Plan a dissertation structure that will enable you to present the argument effectively
Your doctoral dissertation should be properly structures to enable you to present your argument effectively. The nice part is: almost every doctoral dissertation is structured in the exact same way. So all you have to do in order to effectively present your argument is follow the format below:
- *Please note that some institutions have different requirements and their specific structure or format may vary. This should only serve as a foundation and you should ensure you have copies of your guidelines and adhere to those precisely.
- You start with the title page. This is the page that contains your title, as its name suggests, as well as your name and your institution.
- You add an abstract. This serves as a concise summary of the research that you will present in your dissertation. You want to state your problem, how you researched the problem, and what conclusions you found during your research. This is often one paragraph, between 100 and 300 words, but again, contingent upon the requirements of your institution.
- Acknowledge those who helped you, contributed to the project, bought you pizza on late nights, etc… Then lay out the path that the reader will take with the table of contents. This will help the reader find any particular section they want to review.
- If you have tables, figures, illustrations, symbols, abbreviations, etc… you should have a list for them as well beneath your table of contents.

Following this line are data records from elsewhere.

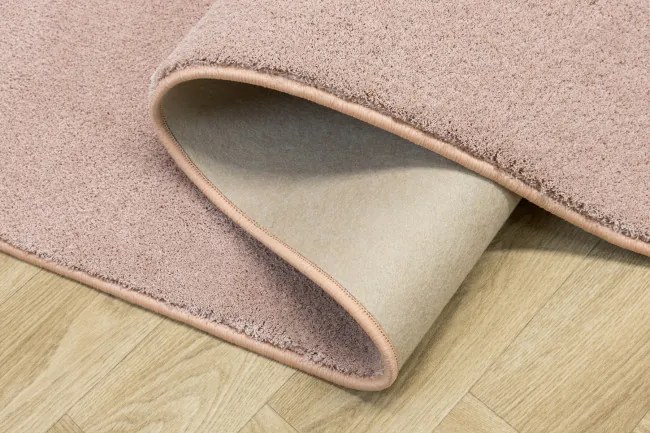 Koberec AMAZING 110 púdrovoružový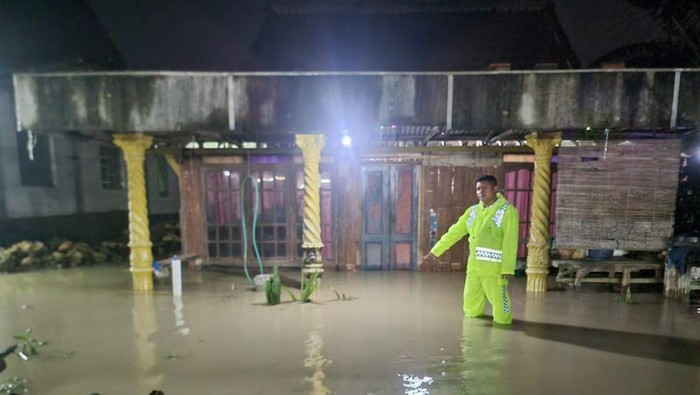 Banjir melanda sejumlah kecamatan di Kabupaten Grobogan, Kamis (2/4/2026) malam.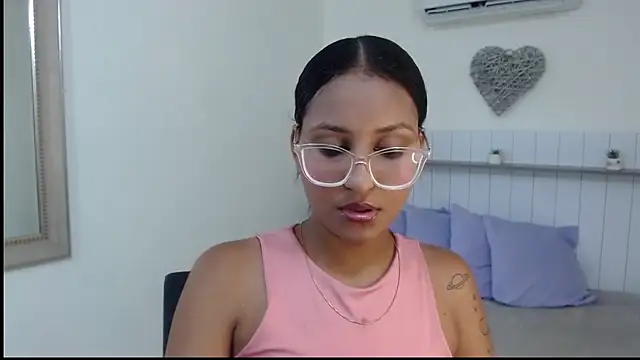 Rubi Diamond  online show from April 16, 7:58 pm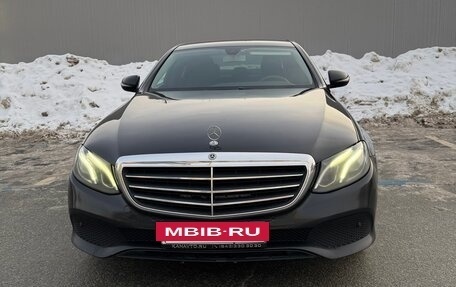 Mercedes-Benz E-Класс, 2020 год, 3 150 000 рублей, 10 фотография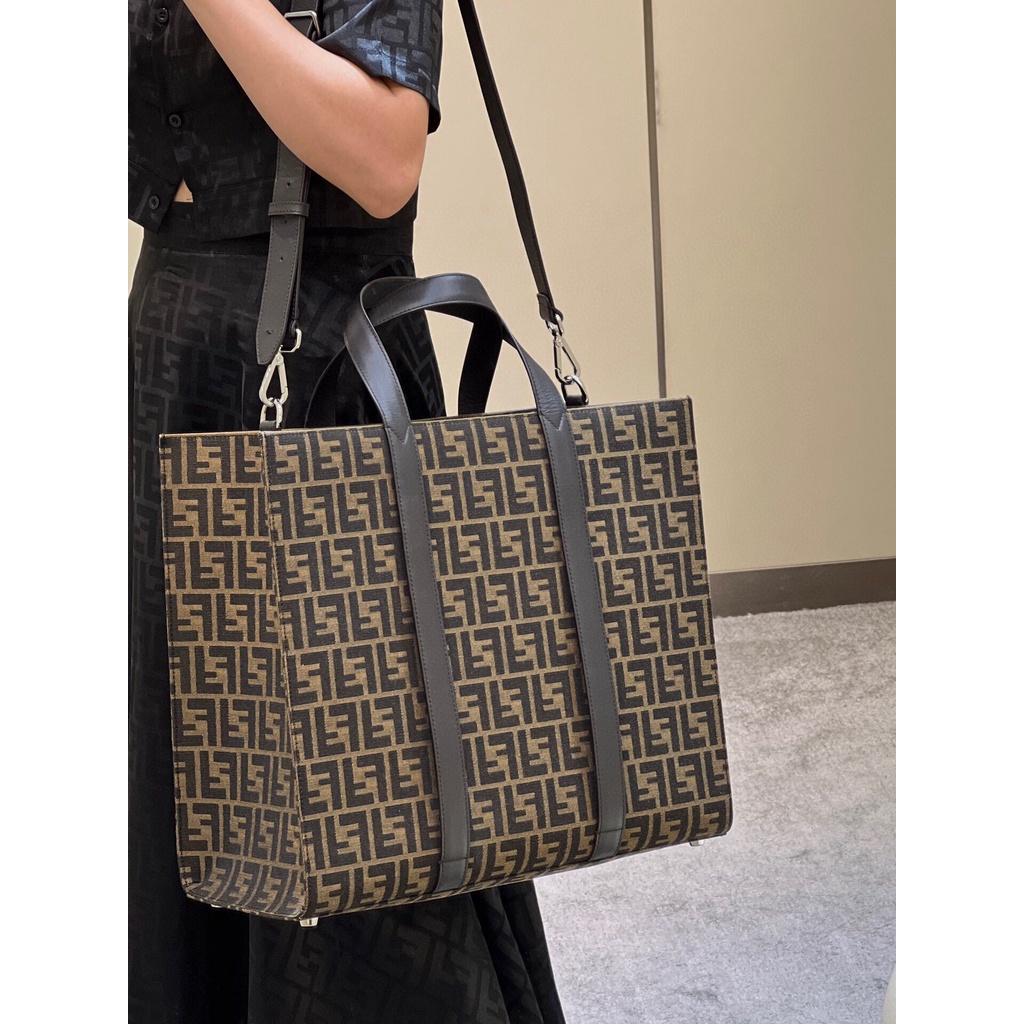 พรี-fendi-กระเป๋าถือ-8571-tote-กระเป๋าแฟชั่นกระเป๋าหิ้วผู้ชาย-42-18-36-5cm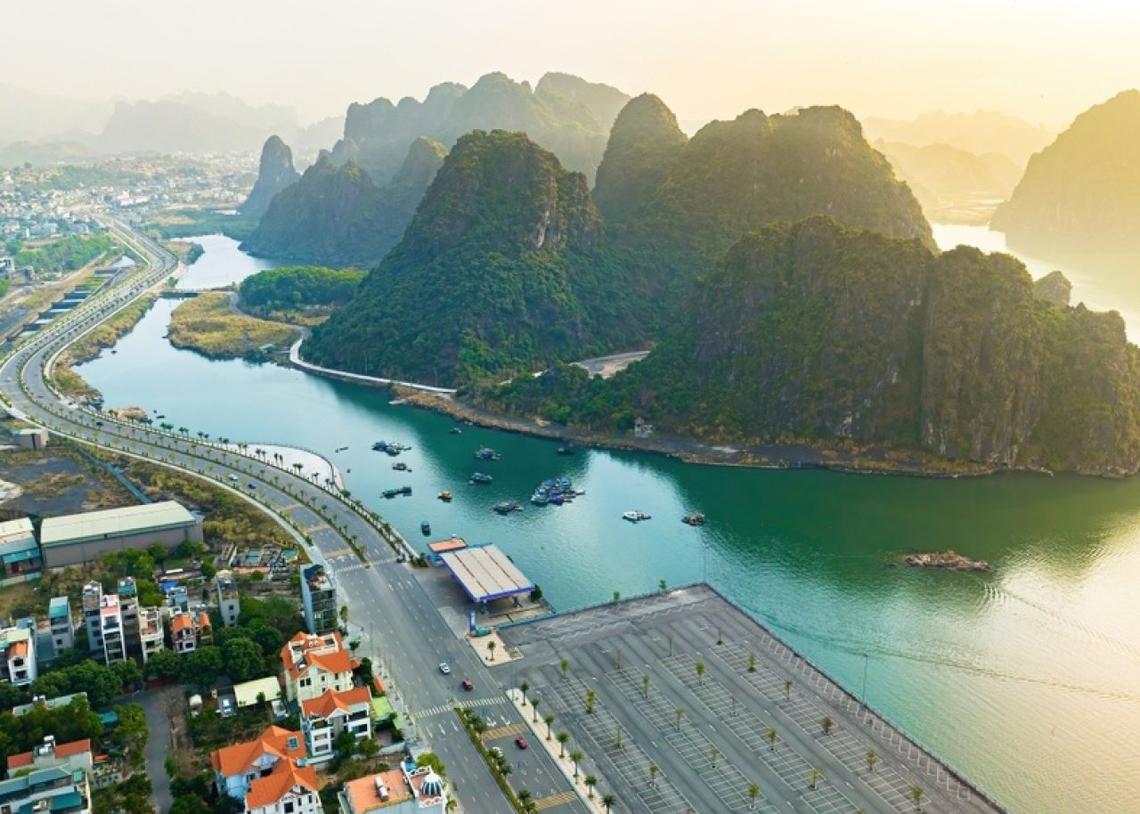  Dong Nhat Huy // Shutterstock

- Then comes the body of your work. The body is the bulk, the meat, the heart of your paper. It starts with your introduction. You want to introduce to the reader the research question you will address, or the hypothesis you want to solve. You should give the reader any background they need to better understand this question or hypothesis. For example: if you are making an argument for in vitro fertilization compared to natural fertility treatments, the reader may not know what natural fertility treatments are, or what fertility/infertility is, and you have to cover this in the introduction.

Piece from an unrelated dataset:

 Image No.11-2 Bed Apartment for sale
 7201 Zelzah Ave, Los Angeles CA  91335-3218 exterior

- As you lay out the body of your text, make it detailed and systematic. The reader should be able to logically follow the data you have gathered and its application. You don’t want them getting lost mid-way through.
- The conclusion is where you bring it all together, reflect on the research you concluded, and comment on the significance of said research. You can discuss the strengths of your work and the weaknesses, followed by any possible research that might come of your work.
- At the end, you need your references and your appendices. Make sure these follow the format required by your institution.